[Collected material Boundary: Start]

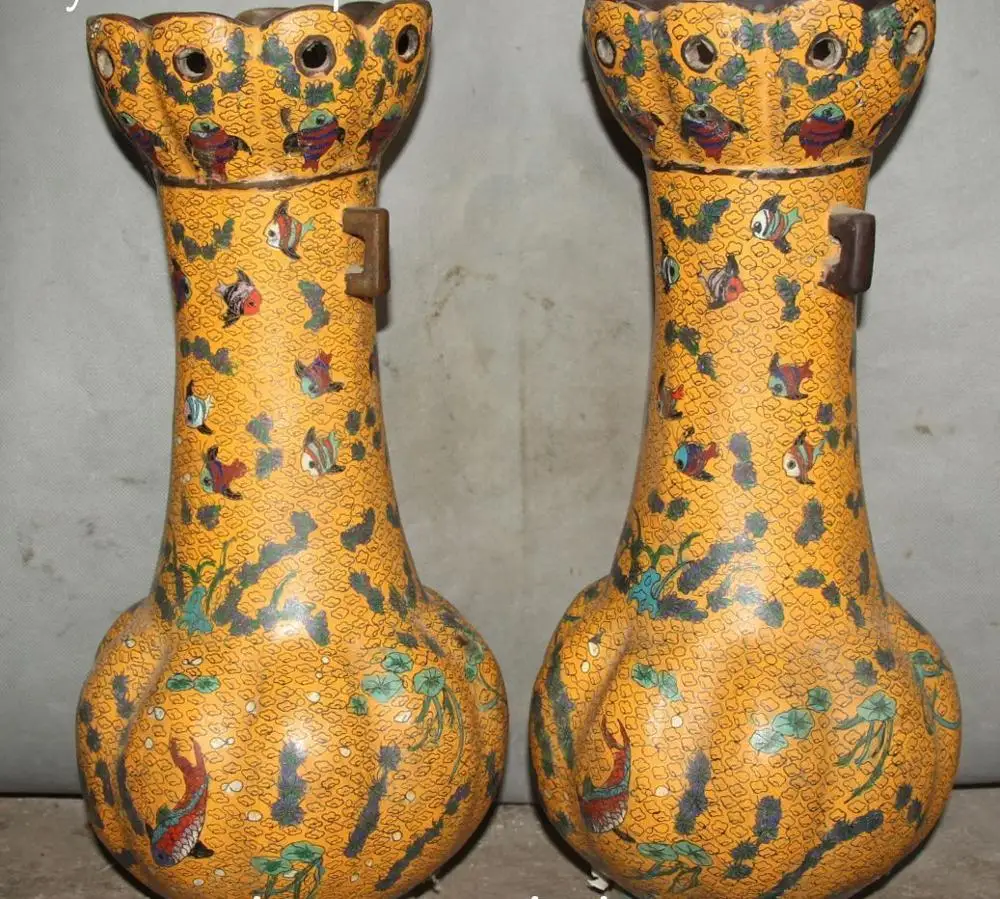 Qing Dynasty Cloisonne Enamel Purple Bronze Fish Fishes Bottle Vase Jar Pair | Дом и сад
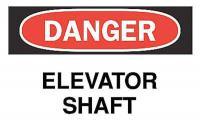 6CT11 Danger Sign, 10 x 14In, R and BK/WHT, ENG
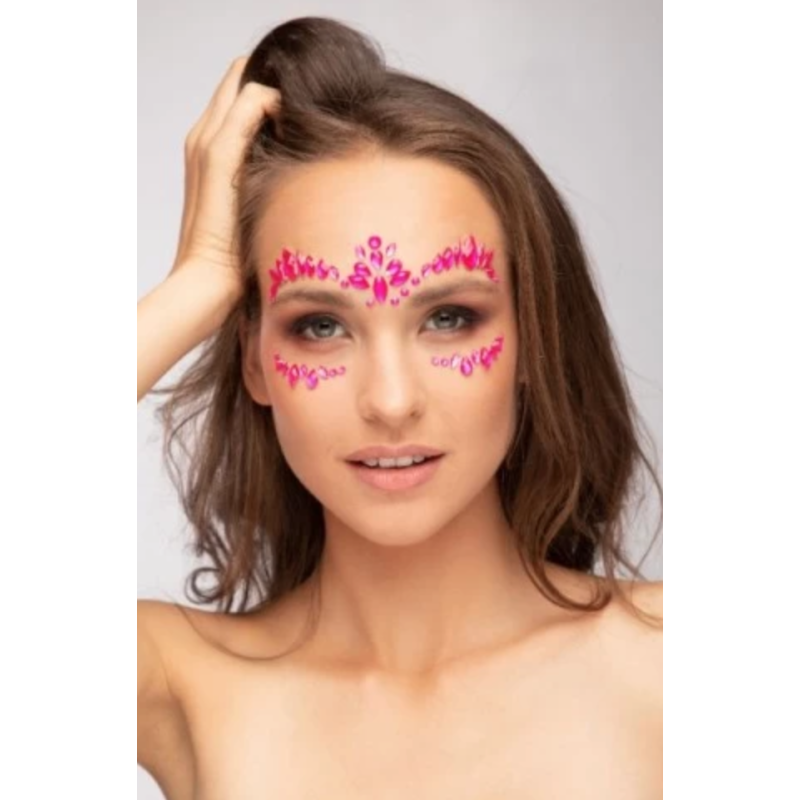 bijoux neon rose visage femme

[Collected material Boundary: End]

Required action:
For this exercise, write the listing out again exactly, excluding all images.

Output of the task:
 Qing Dynasty Cloisonne Enamel Purple Bronze Fish Fishes Bottle Vase Jar Pair | Дом и сад
 6CT11 Danger Sign, 10 x 14In, R and BK/WHT, ENG
 bijoux neon rose visage femme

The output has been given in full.